- Flo Ware, 1974
- Born: December 7, 1912
- Died: 1981 (aged 68–69)
- Occupations: Activist, radio host

= Flo Ware =

American activist, radio show host and foster mother

Flo Ware (born Florasina Ware; December 7, 1912 - 1981) was an American activist, radio show host, and foster mother in Seattle, Washington.

== Early life ==
Florasina Ware was born on December 7, 1912 in Fort Worth, Texas. Her family moved frequently for her father's work until Ware was in high school. After attending some college, she married and moved to Tacoma. In 1947, she moved to Seattle. During the 1950s, she owned a sandwich shop on Jackson Street.^{:152}

== Activism ==
Ware led a number of campaigns in Seattle to improve living conditions for children, the elderly and the poor. She pressed school officials in the Central Area schools to improve their academic programs, and later became an organizer of the Central Area School Board. She called for quality care for aged people and led the Meals on Wheels program in the city. She also called for more employment support for the poor. Ware frequently spoke at organizations and schools but did not charge for her sessions, and thus often had limited income.^{:152}

Ware was involved with the Foster Parent Association and raised 20 foster children in her home.
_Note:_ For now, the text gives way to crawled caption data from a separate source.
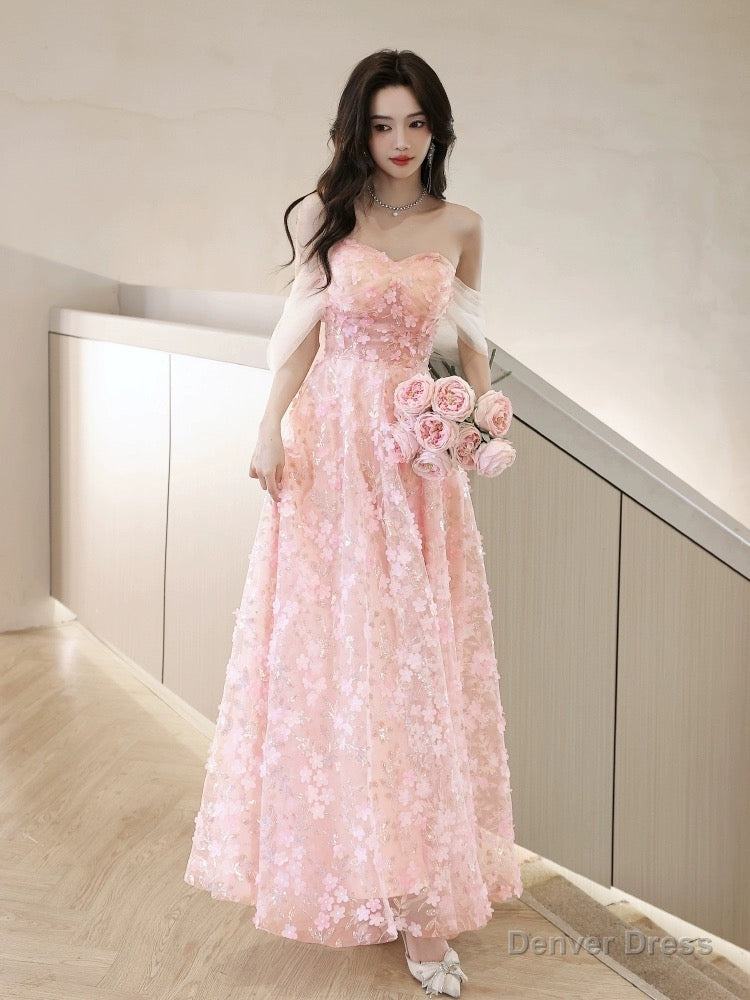 A Line Off Shoulder Pink Long Prom Dress, Pink Long Graduation Dresses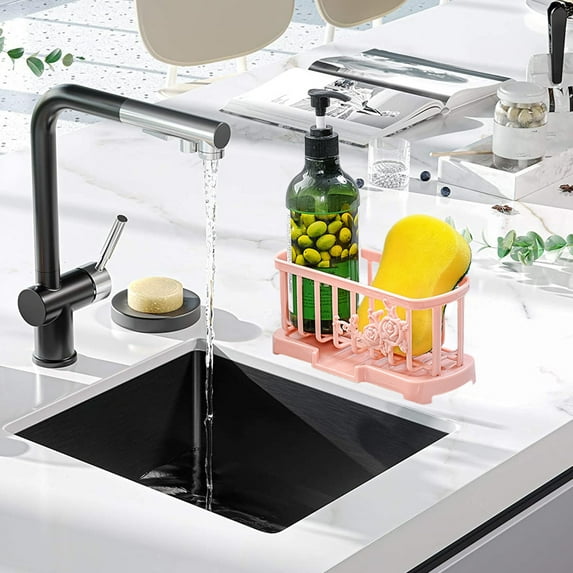 Sponge Holder for Kitchen Sink - Ventilated Quick-dry Design, Soap Scum Prevention, Countertop Organization, Compact Tool for Bathroom and Prep Sinks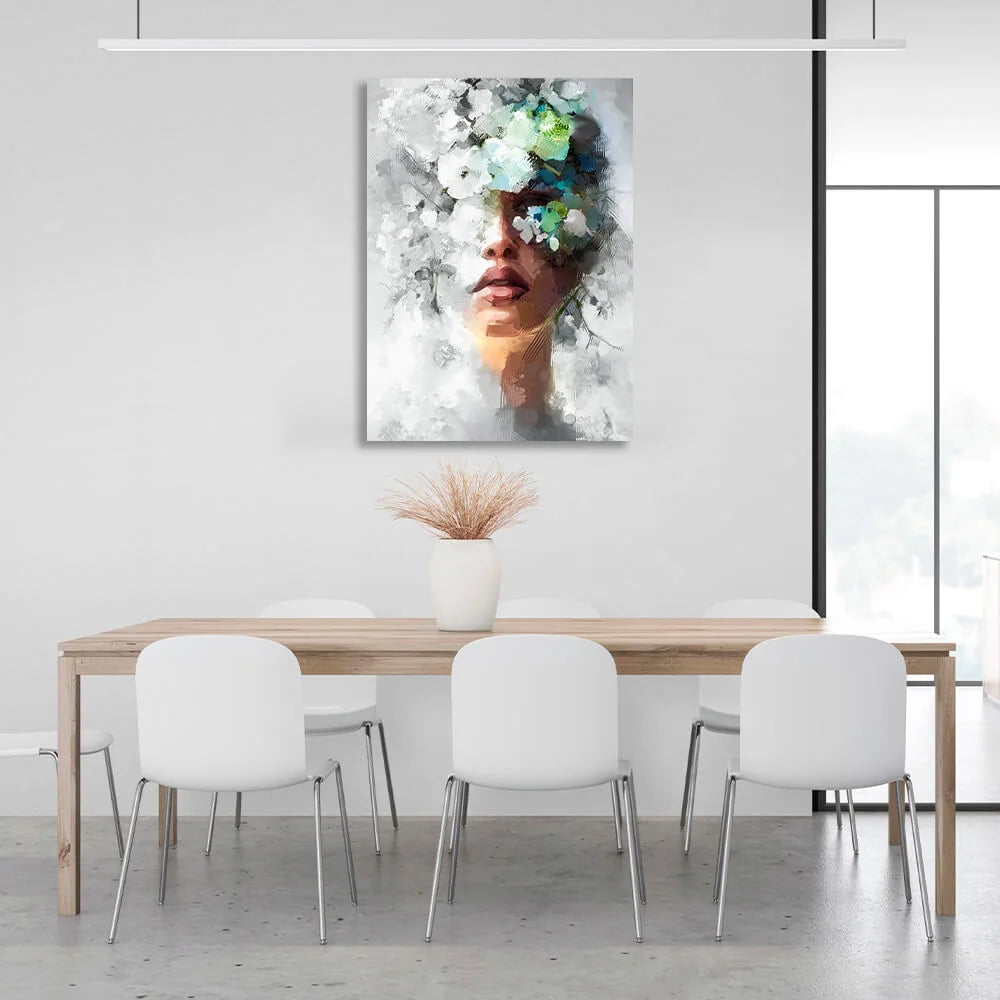 Woman imitation oil painting Canvas Wall Art Print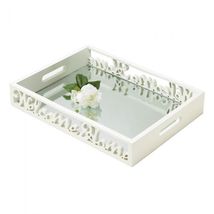 WELCOME HOME MIRROR SERVING TRAY White Wood - $40.95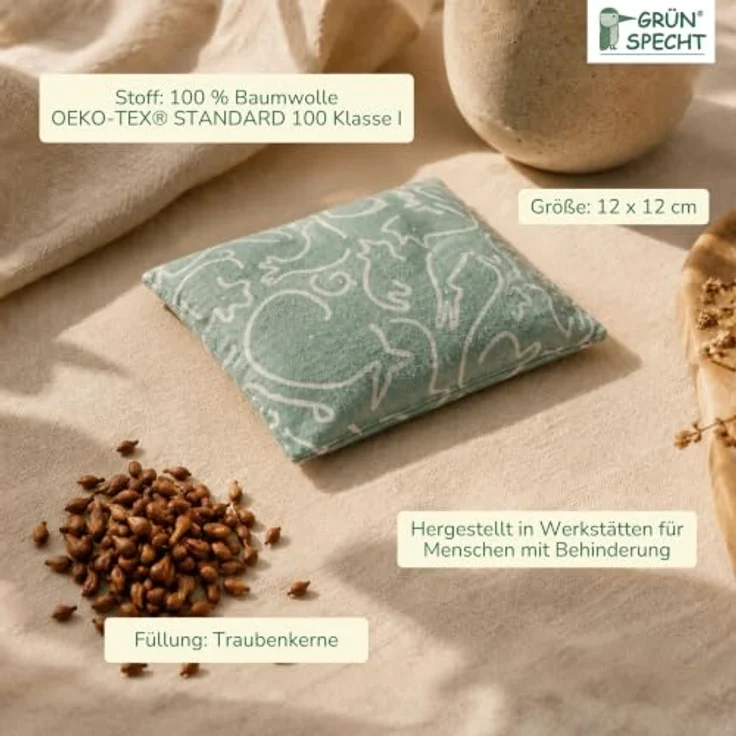 GRÜNSPECHT Traubenkern-Kissen 12 x 12cm, 100% Baumwolle, Tiere | Medizinprodukt: Wärmekissen mit Traubenkernfüllung, Bezug aus 100% Baumwolle, für Mikrowelle & Backofen I Made in Germany – Bild 3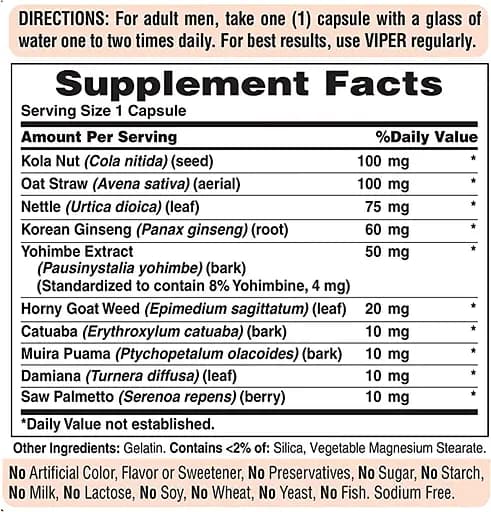 Натуральна добавка Puritan’s Pride Viper Exotic Herb for Men 120 капсул - фото 2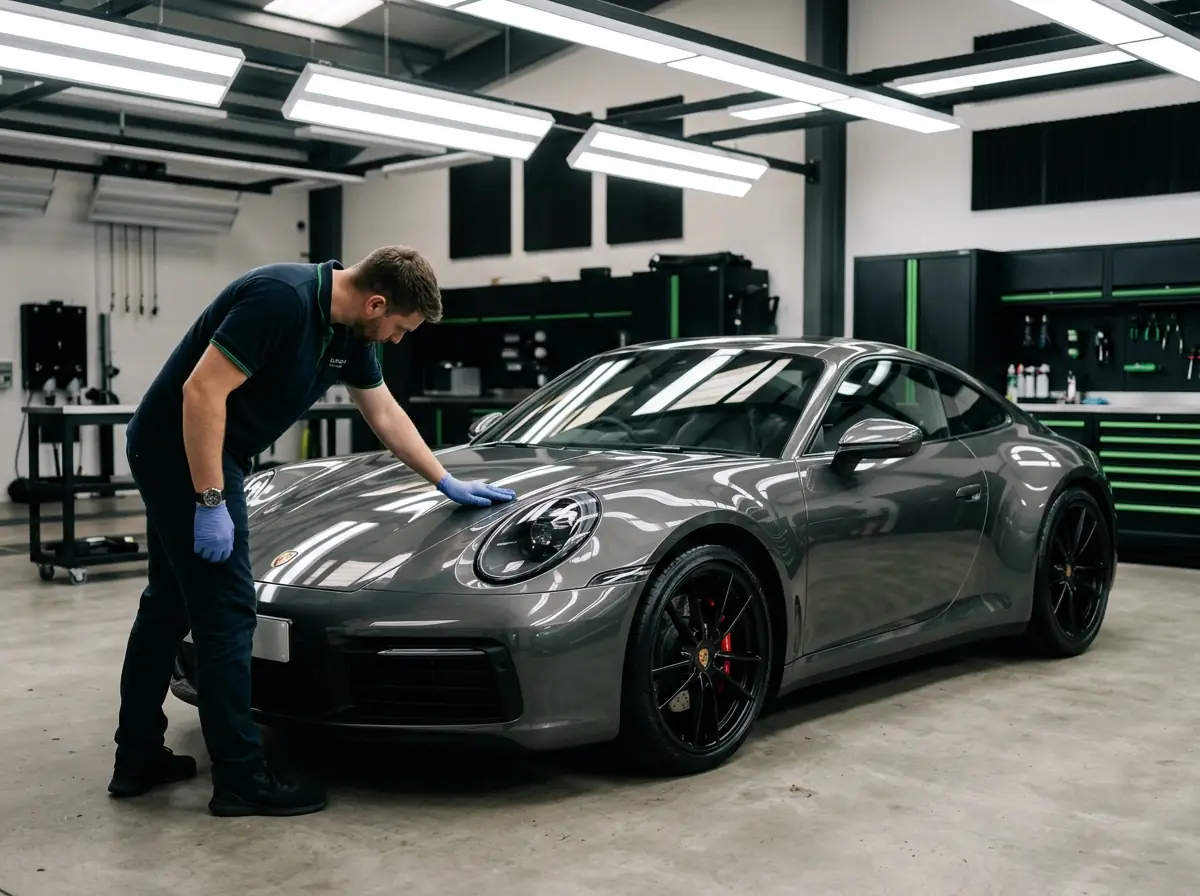Freshly detailed luxury car inspected under shop lighting for a flawless finish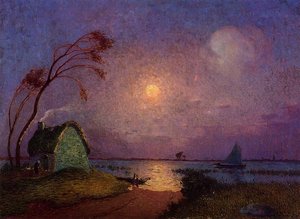 Cottage In The Moonlight In Briere — Ferdinand Du Puigaudeau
From 1968 to 1979 she hosted a radio talk show on Seattle station KRAB. In 1968 she led a group of around 50 indigenous and black people in a convoy of buses to Washington, D.C., to voice grievances about their living conditions; the group became known as the Poor People's Campaign. She also stated that she had served as vice president for Seattle's Congress of Racial Equality (CORE) that year.^{:115}

=== Peace and Freedom Party ===
Ware grew disillusioned with the lack of engagement that liberal political leaders showed toward poor and Black communities, and decided to support a third political party instead. She joined the socialist Peace and Freedom Party in 1968. On that party's ticket, she ran for the U.S. House of Representatives in Washington's 7th congressional district. She ran with the hope of drawing people into radical politics and supporting her party rather than winning the seat. Ware lost the race after receiving 709 votes.^{:153–155}

=== Women's Liberation ===
In 1968, the Women's Majority Union was founded in the Seattle as a New Left women's liberation group that focused on political writing. Ware signed onto their 1968 Lilith's Manifesto. She also served on the Peace and Freedom Party's Women's Liberation Committee along with other manifesto signers like Dotty DeCoster, Alice Armstrong, and Sheila Kritchman.

=== School and neighborhood advocacy ===
In 1969, Seattle Public Schools hired Ware as a consultant to train teachers to better support students of different race, culture, and class backgrounds. She also explained the benefits of school desegregation, and against busing, special education classes, and advanced track classes.^{:153}

In the 1970s she sat on the King County Equal Opportunity Board and was involved in the Model Cities Program. The Seattle Model Cities Neighborhood focused on the Central Area, Chinatown–International District, and Pioneer Square. Ware served on the program's Health Advisory Board and was part of a movement of welfare rights activists, many of whom were poor Black women in Seattle, who lobbied for anti-poverty measures across the state. Ware provided free lectures on poverty in the Central Area via this program, but she also condemned it in the late 1960s for expanding welfare instead of decreasing poverty.^{:166}

== Personal life ==
Ware was married to Waymon Ware, who was also involved in leftist political activism. She died on March 17, 1981, and was buried at Mount Pleasant Cemetery.

== Legacy ==
Ware received over 75 awards for her service and activism. The Seattle Medium presented Ware with its first Dr. Martin Luther King Humanitarian Award for her anti-poverty work.^{:175}

In 1982, a Seattle park was named for her. A piece of public art at Symphony station also pays tribute to her work.